Oracle Data Cloud Blog

  • May 24, 2016

Data onboarding: An industry-wide accuracy challenge

This week’s guest blog is contributed by Curt Blattner, Head of OnRamp Solutions, Oracle Data Cloud.

With all the talk in the industry around data available for audience targeting, much of the discussion has focused on data collected primarily online and the quality and impact of that data.

On the flip side, advertisers and data owners starting with offline CRM data or granular PII-based data assets have largely assumed they only had a ‘reach’ issue. They know the quality of their offline data, they just need to find a large supply of cookies that identify these households online, right?

Unfortunately, it’s not quite that simple.

Reach is certainly important, but accuracy is more of an issue: even your high quality 1st party data can be compromised because of the reliability (or lack thereof) of the method of matching to the cookie universe. We conduct head-to-head data onboarding reach tests all the time for advertisers who want to reach as much of their audience online as possible, which makes sense. Unfortunately, these reach tests are missing half the equation. If the cookies that represent your target audience are inaccurate (the wrong households and wrong consumers), then more reach is really just added cost without the payback.

For example, if 60% of your cookie audience accurately represents your customers, but the remaining 40% are incorrectly targeting households that are not your customers, the ROI from that audience is going to suffer significantly – the non-customers will likely respond and convert at a dramatically lower rate.

So what’s wrong with these cookies?

The problem comes upstream in the data onboarding process as data onboarding providers build out their ‘graph’ – the connection of anonymous cookies to PII at an individual and household level.

Cookies are often matched to individuals and households via email, which requires a match from the email provided on a site login to the email associated with name/postal in an offline PII database. Often, inaccuracy is less about the email that consumers log in with online, and more about the quality/accuracy of the email that onboarding companies have stored in their offline PII database. This email is the key link connecting online and offline so getting it right is paramount for any on-boarder and any advertiser.

The email to PII links are often sourced from licensed email lists. With licensed email lists, sources may take a name and use every combination of first and last name or first initial/last with each major email domain (Gmail, Yahoo, Hotmail, Aol, etc.) and include it in their database linked to name and address.

The result is that user emails consumers are using to log in, even ‘deterministic’ matches, get directly associated to the wrong households. How do on-boarders solve this issue? To start, you need a massive database of high-quality transactional emails, like the ones consumers use for tracking product shipments, as the core source for your online-to-offline linkage.

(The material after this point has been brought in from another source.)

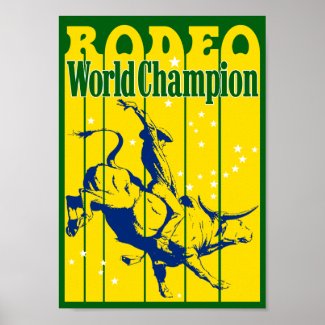 rodeo world champion poster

Even if you have a sizable pool of email to PII, that doesn’t mean you match your cookies correctly. A problem can also reside with the audience match partners themselves when they use different methods to match cookies back to PII. Not all match partners are equal and not all match types have the same level of accuracy.

Data OnboardingThe key to understanding accuracy is to leverage “confidence sets” - associations of anonymous IDs to known PII that are 99%+ accurate. These can be built from transactional data sets (such as online purchases) from retail partners where you have name, address, and a high-quality email paired with an observed cookie to email link.

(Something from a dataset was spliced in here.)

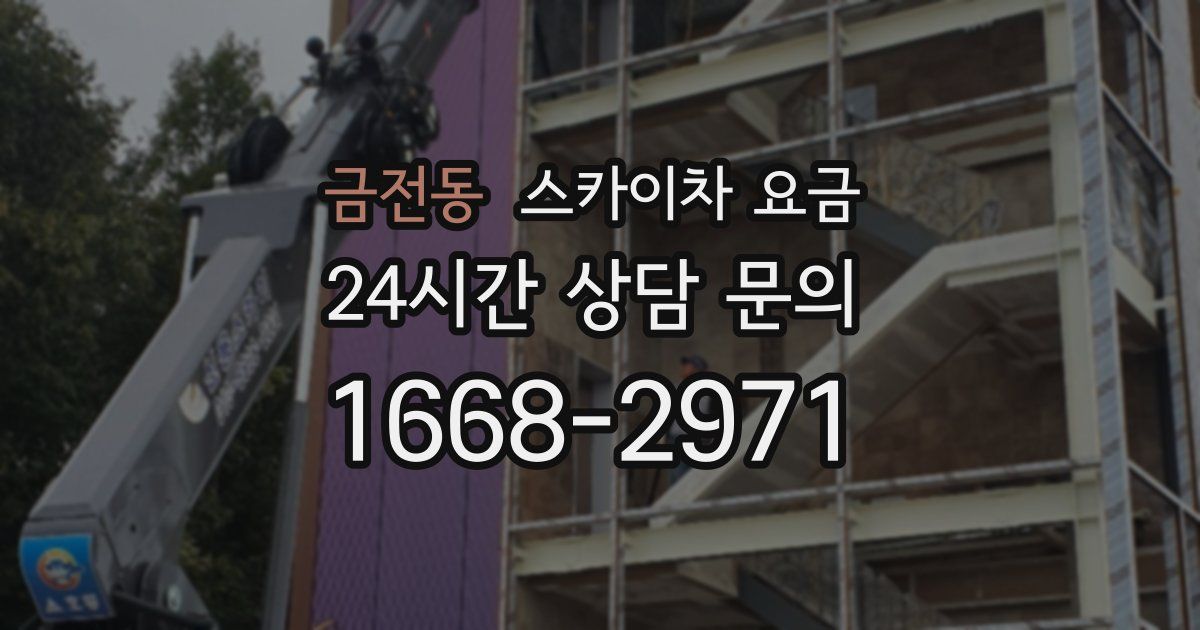 금전동 스카이차 요금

Each audience match partner – as well as each type of match they provide – can be measured against these “confidence sets” to understand their accuracy.

Then, you have two useful options. First, you can immediately eliminate poor quality match providers, or certain subsets of match types that are poor quality. Second, you can use the “confidence set” and an algorithm to evaluate all of the remaining links in your pool to identify the strongest links and resolve additional conflicts that arise naturally in data. In the end, you are left with the best mapping of cookie to household available for onboarding audiences.

For marketers, it makes sense to verify the accuracy of the cookies that represent your onboarded CRM audience.

The only real way to do this is to run a live campaign against that universe where you collect PII and can compare that back to your initial offline CRM audience.

If you find out that the level of inaccuracy is 30%, 40% or worse, you may want to consider evaluating different providers to find an onboarding partner with the best combined reach and accuracy.

The bottom line:

Accuracy is equally important as reach when it comes to data onboarding. You really need to evaluate both, and identify a partner that values both equally. Otherwise, your poor results may have nothing to do with your campaign and everything to do with an incorrectly matched audience.

Stay up to date with all the latest in data-driven news by following @OracleDataCloud on Twitter and Facebook! Need data-related answers for your next marketing campaign or client partner? Contact The Data Hotline today. (What's The Data Hotline?) 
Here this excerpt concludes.